▶ [YOUR OBJECTIVE] In the records below, find the line containing "Great Ocean Road" and the line containing "Meiosis Mind Map". Give again exactly those lines and every line between them, omitting the pictures.

[Records excerpted from a collection]
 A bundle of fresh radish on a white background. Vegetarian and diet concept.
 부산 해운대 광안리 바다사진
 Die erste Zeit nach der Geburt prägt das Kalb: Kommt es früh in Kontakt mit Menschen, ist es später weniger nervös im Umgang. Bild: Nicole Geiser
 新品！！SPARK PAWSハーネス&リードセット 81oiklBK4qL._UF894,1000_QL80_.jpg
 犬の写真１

---

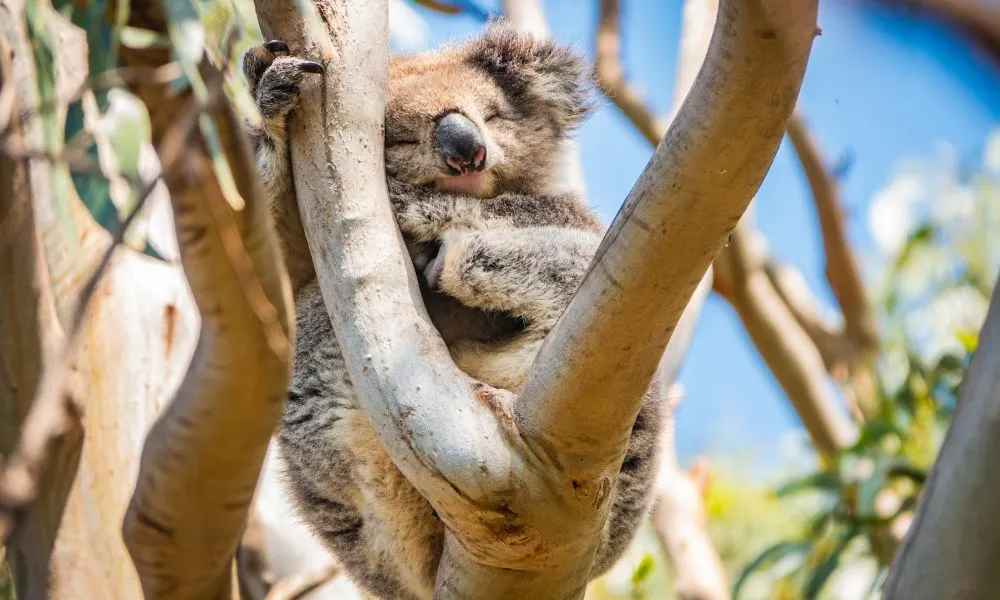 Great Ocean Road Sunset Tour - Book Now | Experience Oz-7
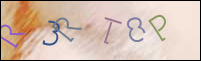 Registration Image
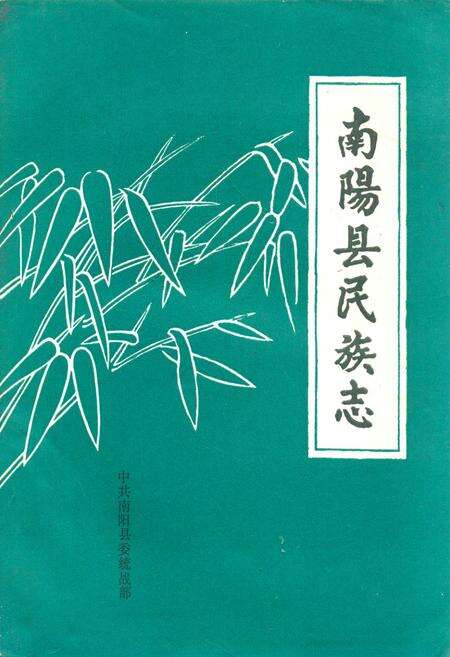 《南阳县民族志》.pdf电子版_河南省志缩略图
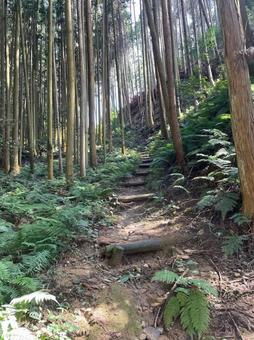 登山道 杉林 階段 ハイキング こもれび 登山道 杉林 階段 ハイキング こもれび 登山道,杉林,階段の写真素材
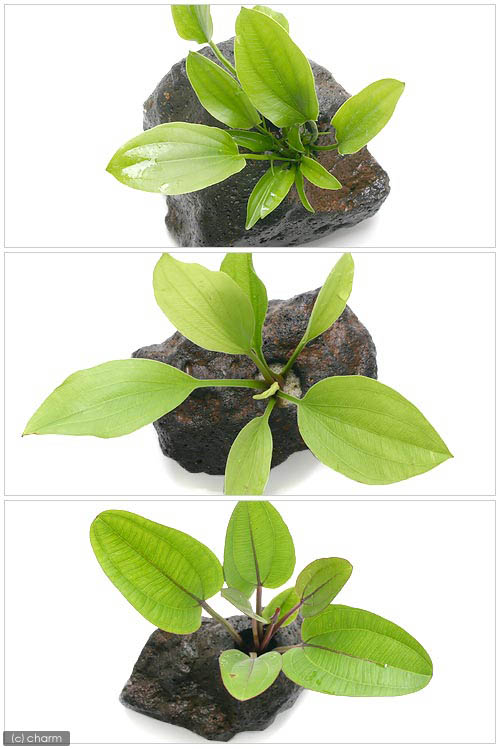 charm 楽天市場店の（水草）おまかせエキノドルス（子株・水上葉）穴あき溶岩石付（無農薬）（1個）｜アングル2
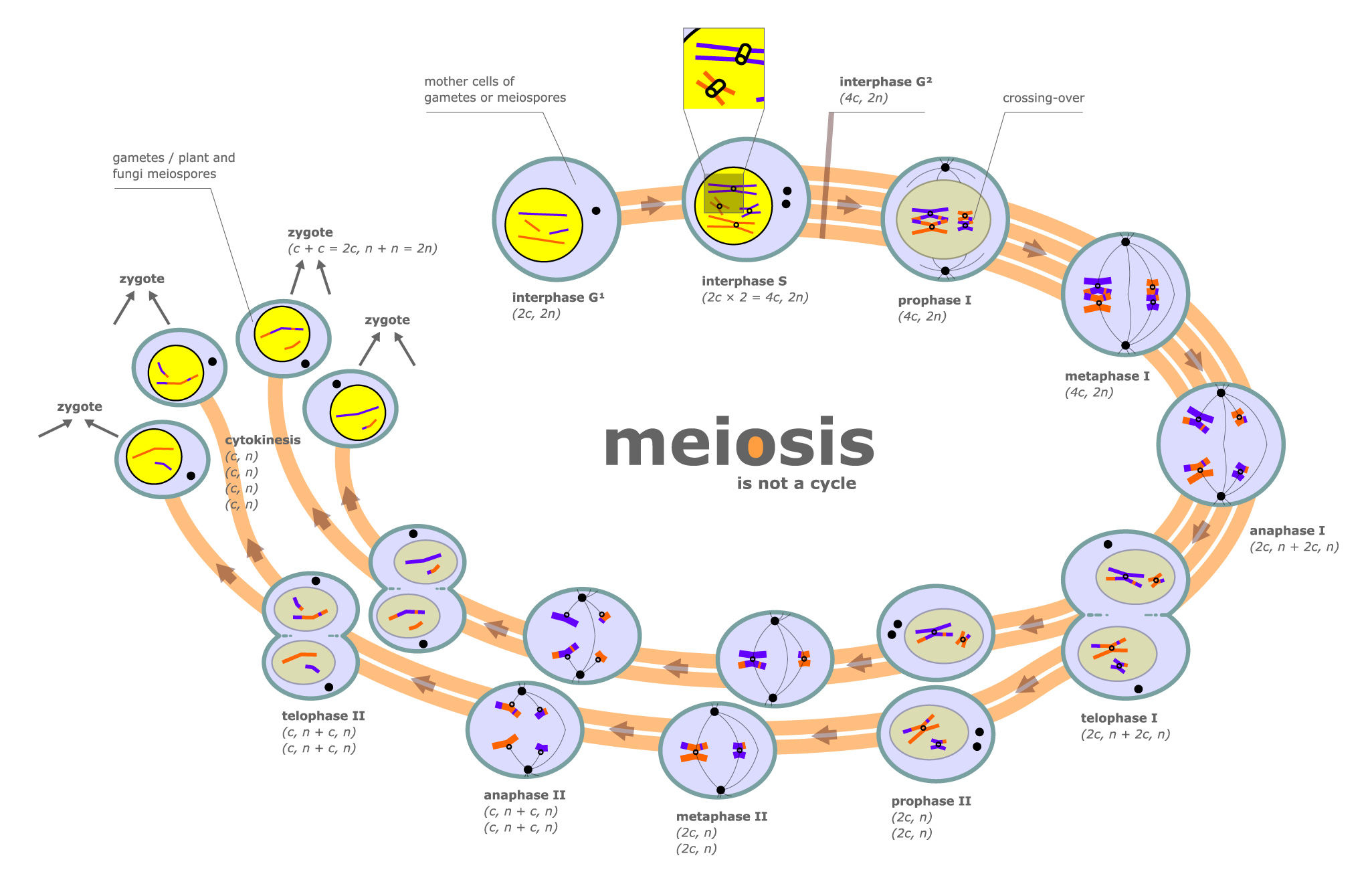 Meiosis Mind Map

▶ [ANSWER TO THE PROBLEM]
 Great Ocean Road Sunset Tour - Book Now | Experience Oz-7
 Registration Image
 《南阳县民族志》.pdf电子版_河南省志缩略图
 登山道 杉林 階段 ハイキング こもれび 登山道 杉林 階段 ハイキング こもれび 登山道,杉林,階段の写真素材
 charm 楽天市場店の（水草）おまかせエキノドルス（子株・水上葉）穴あき溶岩石付（無農薬）（1個）｜アングル2
 Meiosis Mind Map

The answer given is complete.